Special deals, discounts, options, etc. are employed not to benefit consumers but to confuse them. However, the real masterstroke of the mobile provider confusopoly, is (as I mentioned previously) their way of decoupling the money you pay from the value you get. Everyone who has perused mobile plans will be familiar with the idea of paying, for instance, $40 and getting $400 in “value”. This, with the greatest respect to anyone dazzled by such an offer, is a complete scam, and in my humble opinion should actually be illegal. The $400 is a lie – an act of creative accounting achieved simply by maintaining absurdly high prices for actual service (e.g. upwards of $1 per minute for phone calls).
Say, in this example, that this $400 of “value” entitles you to 400 minutes of calls. If you divide both the “value” ($400) and the price ($1/minute) by ten, you’ll discover that you now get the same amount of service (400 minutes), but your “value” is what you actually pay. Equally, you could multiply both by ten and get $4000 of “value” and yet still not get any additional service (because now you have $10/minute calls). Of course, powers of ten are themselves insufficiently confusing for the purposes of mobile carriers, and there would be other costs involved here, but hopefully you can see the picture. To further illustrate, if you were comparing two plans: (a) offering $100 “value” with $0.5/minute calls, and (b) offering $200 “value” with $2/minute calls, you can see that the “$100” is, overall, twice as valuable as the “$200”. If you’re not outraged by this proposition, either you’re one of the evil geniuses who invented it, or I’d suggest you need to think about it a bit more.

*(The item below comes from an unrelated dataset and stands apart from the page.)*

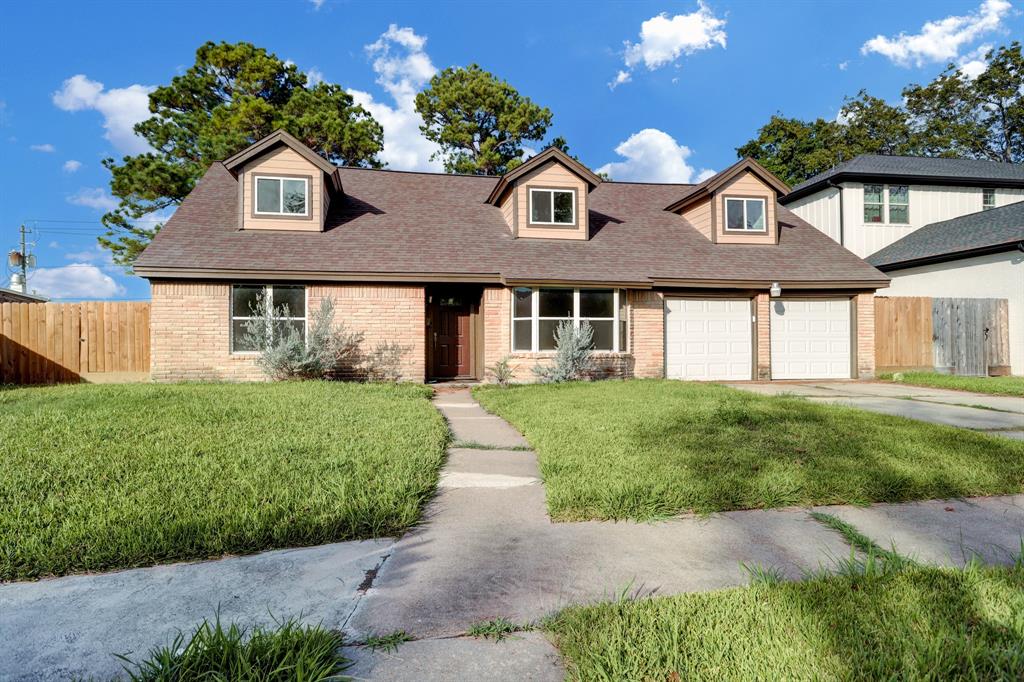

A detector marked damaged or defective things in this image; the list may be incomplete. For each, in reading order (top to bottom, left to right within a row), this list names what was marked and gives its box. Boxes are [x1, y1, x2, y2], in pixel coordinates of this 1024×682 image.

cracked concrete sidewalk [4, 385, 1019, 675]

The fact is that “value” and price are each utterly meaningless unless you know both of them simultaneously. This is hard, for two reasons. First, the ads for such plans deliberately omit the price for calls. Usually, you’re only told about the “value”, which, as you can see above, could mean anything. You have to navigate the hideous fine print to find out how much of this “value” it takes to actually make a call.
Second, it’s well known* that the human brain can only juggle about seven distinct pieces of information (give or take) at a time. The “value” and price are really only one piece of information masquerading as two. This serves only to chew up your cognitive resources and so dramatically reduce your ability to meaningfully compare different plans using only your brain.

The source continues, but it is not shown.